How to get your charity’s supporters doing more
Don’t underestimate your charity’s most valuable asset – your supporters can be heroes for your cause thanks to the rise of easily accessible digital tools.
Far from being passive consumers of the Web, today’s social media-centred digital users are active participants, and they’re creating and sharing far more than ever before.
‘User generated content’ is starting to be recognised as a powerful marketing tool, with today’s users craving deeper, more authentic connections with the brands and organisations they meet online – as these survey results show.
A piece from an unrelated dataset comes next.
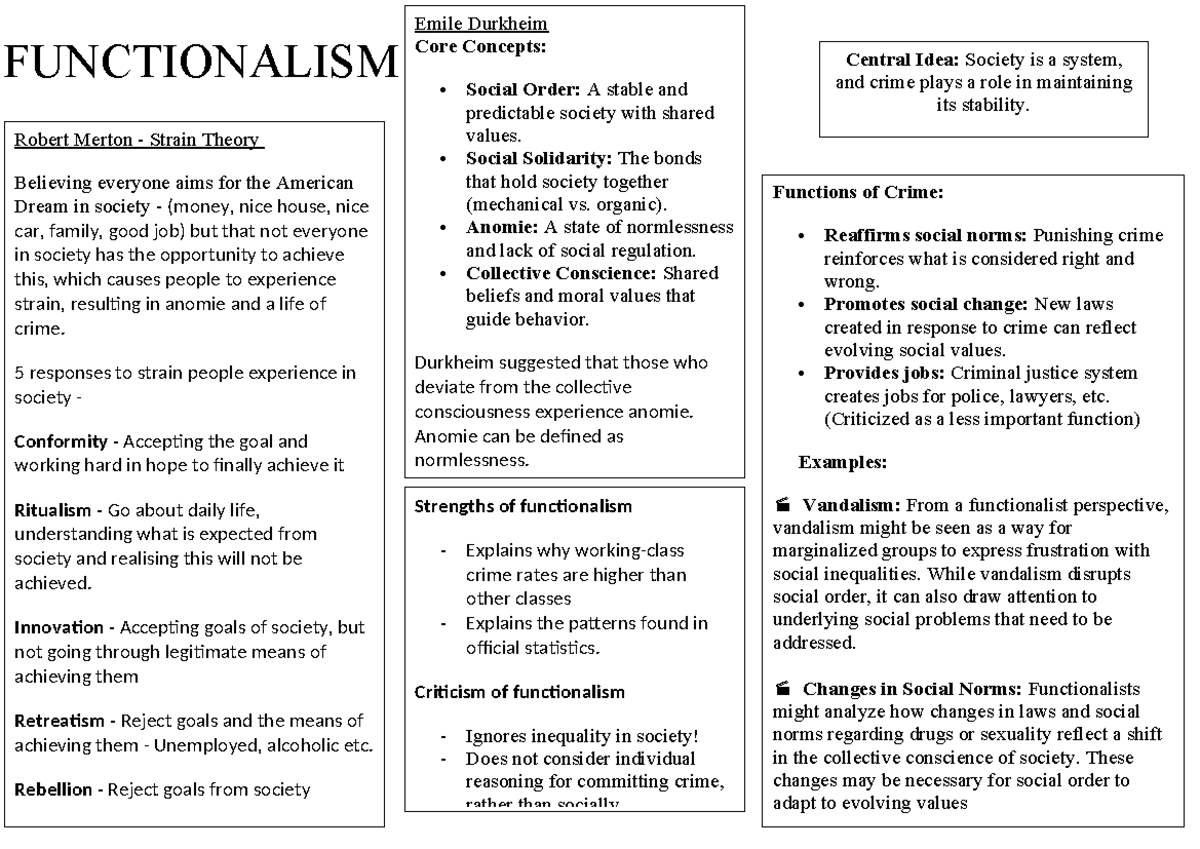 Unit 5 Theories of Criminology: Forensic Science Insights & Analyses ...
More charities are waking up to the fact that fundraising should be a two-way relationship, with supporters behind the steeling wheel of their own campaigns and stories – whether they are event participants, volunteers, or just advocates. Famous examples such as the ALS ice bucket challenge and #nomakeupselfie have shown that supporters can be a powerful voice to your charity – sometimes with little or no prompting from the charity itself.
Here are some ideas to empower your tribe of supporters and volunteers to do more for your charity, and turn your comumunity into heroes for your cause:
Get your supporters to start their own Facebook fundraisers
Facebook’s been very vocal recently about its change of ‘newsfeed’ algorithm that is supposed to favour users’ content over that of brands. As Lightful’s Vinay Nair points out, what this means in practice is that charities will now have to work harder to get their communities more active on the platform if they want to be seen, instead of simply pushing out fundraising campaigns or advertisements.
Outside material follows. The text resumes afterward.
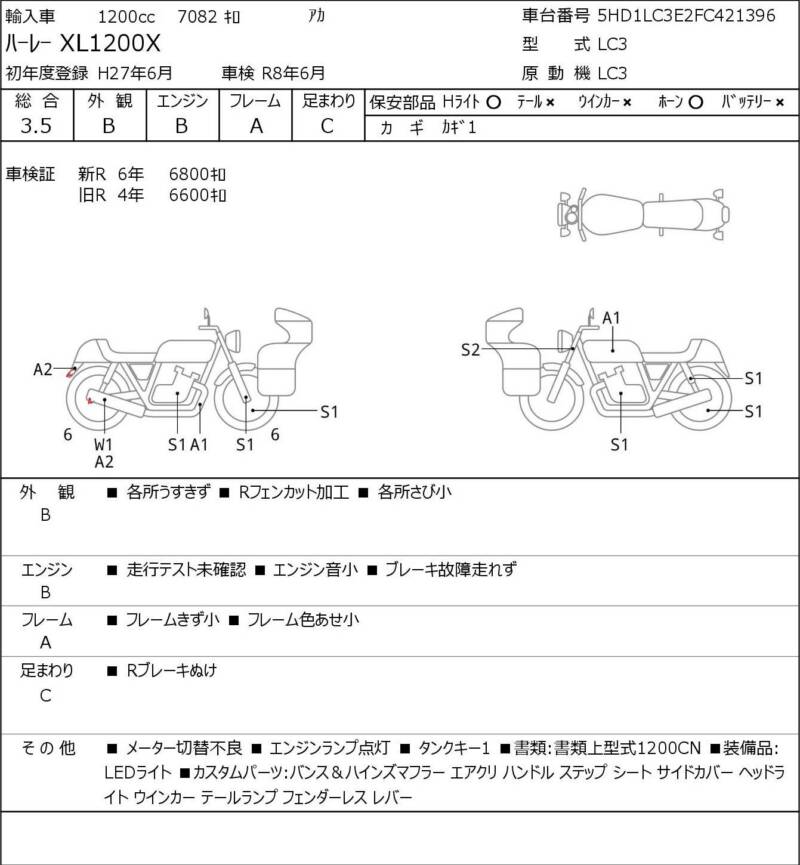 Карта повреждений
Luckily, Facebook launched its Charitable Giving Tools to the UK last year, which charities can sign up to for free. Charities can now take advantage of a feature where Facebook users can set up and share their own fundraisers and are prompted to start one on their birthday for a charity of their choice. If done right, organic fundraising, where users choose to raise money for their chosen charity of their own accord, can be a strong generator of income for some charities – as Michi MacLennan at the Air Ambulance Service told us.
Here’s a great article from Classy on how you can encourage your supporters to donate their birthdays.
Make the most of Facebook Groups
Another Facebook feature worth exploring is Groups – over on the brilliant JustGiving blog, Emma Humphrey at St Catherine’s Hospice talks about how her charity utilises Groups for their challenge fundraisers.
Once set up, Facebook Groups require little management by the charity and like-minded group members can drum up support, fundraising and donations – all off the back of their own passion for the charity.
“Aside from replying to the odd query and posting any event updates that we need to share from St Catherine’s, we really take a back seat with the groups,” says Humphrey.
“We allow our fundraisers to run the page themselves, swapping ideas and tips and encouraging each other to share fundraising inspiration to motivate the whole group.”
Enable supporters to make their own videos
If you want to make an impact online, video is the medium to do it in: a Tweet with a video in it is six times more likely to be retweeted than just an image, and research on 880 million Facebook posts in 2017 found that video posts have the highest average engagement and twice the level of engagement of other post types on average. YouTube is now the second-largest search engine after its parent Google, with 400 hours of footage uploaded every minute.
And since just about everyone these days carries a HD quality camera in their pocket, it’s easier than ever for supporters to create high quality video of their fundraising challenges and events, and service users and beneficiaries to start telling their stories with film.
YouTube’s own website features a downloadable toolkit with best practice tips on encouraging supporters to make fundraising videos for your organisation, as well as how registered charities can partner with video creators to add a ‘donation card’ to point viewers straight to their donation page.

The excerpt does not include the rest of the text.